At this point, verify that all expected components are working:

  • tg2 minion links shows the link established at the driver/firmware layer.
  • breeze lm links shows the link established at the routing layer.
  • ping6 ff02::1%terraX (find "X" from output above) shows "DUP" responses confirming link-local connectivity.
  • vppctl show int shows incrementing "vpp-terraX" interface counters.

Routing

Triage

Run the command below to print debug information for an engineer to examine.

$ breeze tech-support

Background

Every link-state routing protocol incorporates the following steps and components:

  • Link discovery - Learn the underlying system's link information, including name, status, and addresses.
  • Neighbor discovery - Discover neighbors on the VLAN of each link.
  • Link-state database - Record the neighbor and prefix information for each node.
  • Route computation - Use the global link-state database to compute a route to each destination.
  • Route programming - Program routes onto the underlying system.

Routing can fail if a problem occurs in any of these stages. It is always recommended to troubleshoot issues serially.

Basic Checks

Verify that Open/R is running and not crashing. To do so, run the following command several times and check that the process ID has not changed:

$ ps -A | grep openr

If applicable, do the same for the fib_vpp process.

Use the following command to list all links known to Open/R's LinkMonitor module:

$ breeze lm links

== Node Overload: NO ==

Interface Status Overloaded Metric Override ifIndex Addresses
--------- ------ ---------- --------------- ------- ------------------------
nic1 Up 3 fe80::250:43ff:fe46:dbbb
nic2 Up 4 fe80::250:c2ff:fec9:9e9a

Any interface on the system must be seen by Open/R before neighbor discovery can be performed.
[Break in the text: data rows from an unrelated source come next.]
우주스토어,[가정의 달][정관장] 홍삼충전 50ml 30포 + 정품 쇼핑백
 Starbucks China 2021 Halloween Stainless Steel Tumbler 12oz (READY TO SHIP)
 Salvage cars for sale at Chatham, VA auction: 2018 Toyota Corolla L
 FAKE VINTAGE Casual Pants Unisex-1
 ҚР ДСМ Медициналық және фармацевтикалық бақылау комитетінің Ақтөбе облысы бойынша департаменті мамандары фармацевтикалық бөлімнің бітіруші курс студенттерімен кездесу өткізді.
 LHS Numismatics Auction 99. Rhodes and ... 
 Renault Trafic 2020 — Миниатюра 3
Look for the following issues:

  • Make sure all expected links are listed with the correct status ("Up" or "Down") and address.
  • If a link status is "Down", check if a lower layer is down (L2 or driver issue).
  • If a link is not listed, then the link is not configured on the system (driver issue).
  • A node or interface should not be "overloaded" unless undergoing a drain operation. If the "overload" flag is incorrectly set, run the appropriate command to unset it:
$ breeze lm unset-node-overload
$ breeze lm unset-link-overload <interface>
  • If pinging any of the link-local addresses is unsuccessful, then either a problem exists in the underlying driver/lower layer or the other end of the link is not ignited correctly.

Neighbor Discovery

Use the following command to list the adjacencies that have propagated to Open/R's KvStore:

$ breeze kvstore adj

> node-01.02.03.04.05.06's adjacencies, version: 3, Node Label: 1064, Overloaded?: False
Neighbor Local Interface Remote Interface Metric Weight Adj Label NextHop-v4 NextHop-v6 Uptime
node-00.00.00.10.0e.45 terra0 terra0 1 1 0 0.0.0.0 fe80::200:ff:fe10:e45 8d1h
node-00.00.00.10.0e.47 nic2 nic2 1 1 0 0.0.0.0 fe80::250:c2ff:fec9:9c5d 8d1h

If an expected neighbor is missing over a working link, then go through the following steps:

  • Verify that link-local multicast packets are received from the neighboring node.
$ tcpdump -i terra0 udp port 6666
tcpdump: verbose output suppressed, use -v or -vv for full protocol decode
listening on terra0, link-type EN10MB (Ethernet), capture size 262144 bytes
15:17:25.350335 IP6 fe80::200:ff:fe10:e45.6666 > ip6-allnodes.6666: UDP, length 189
15:17:26.189291 IP6 fe80::3a3a:21ff:feb0:29d.6666 > ip6-allnodes.6666: UDP, length 189
  • If the link-local multicast packets are not received, check if the MULTICAST configuration is set on the interface.
$ ip link show terra0
12: terra0: <BROADCAST,MULTICAST,UP,LOWER_UP> mtu 1500 qdisc mq state UP mode DEFAULT group default qlen 1000
link/ether 00:00:00:10:0b:47 brd ff:ff:ff:ff:ff:ff
  • If packets are going through but no adjacencies are formed, verify that both ends of the link are using the same domain. Open/R will not form adjacencies between nodes with different domains. The domain is set in the Open/R configuration file ("domain" field in /var/run/openr_config.json).

Key-Value Store (KvStore)

KvStore provides a data bus for distributed computing, as it enables all nodes to have the same view of the network.

Peers

Every neighbor listed in the adjacencies database should be added as a KvStore peer. Use the following command to list all peers:

$ breeze kvstore peers

== node-01.02.03.04.05.06's peers ==

> node-00.00.00.10.0e.45
cmd via tcp://[fe80::200:ff:fe10:e45%terra0]:60002

> node-00.00.00.10.0e.47
cmd via tcp://[fe80::250:c2ff:fec9:9c5d%nic2]:60002

If the same neighbor appears over multiple links, it is added only once into KvStore. This could happen when, for instance, two PoP sites have a wireless link between them along with a wired link (required for PoP nodes). Open/R will typically sync on the wired link, and the wireless link will never be used for any traffic. A Terragraph watchdog monitors all wireless links to check if any data is flowing, and will restart the E2E minion if no data is passed for a few minutes. This should be prevented in Terragraph by not allowing wireless links between PoP sites.

Consistency

In steady state and under stable network conditions, all nodes should report the same keys and hashes for each. This can be seen using the following command:

$ breeze kvstore keys

Every node in the network contributes two major pieces of information to KvStore with the following key format:

  • adj:<node-name> - The node's adjacency information.
  • prefix:<node-name> - The network prefix owned/proxied by the node.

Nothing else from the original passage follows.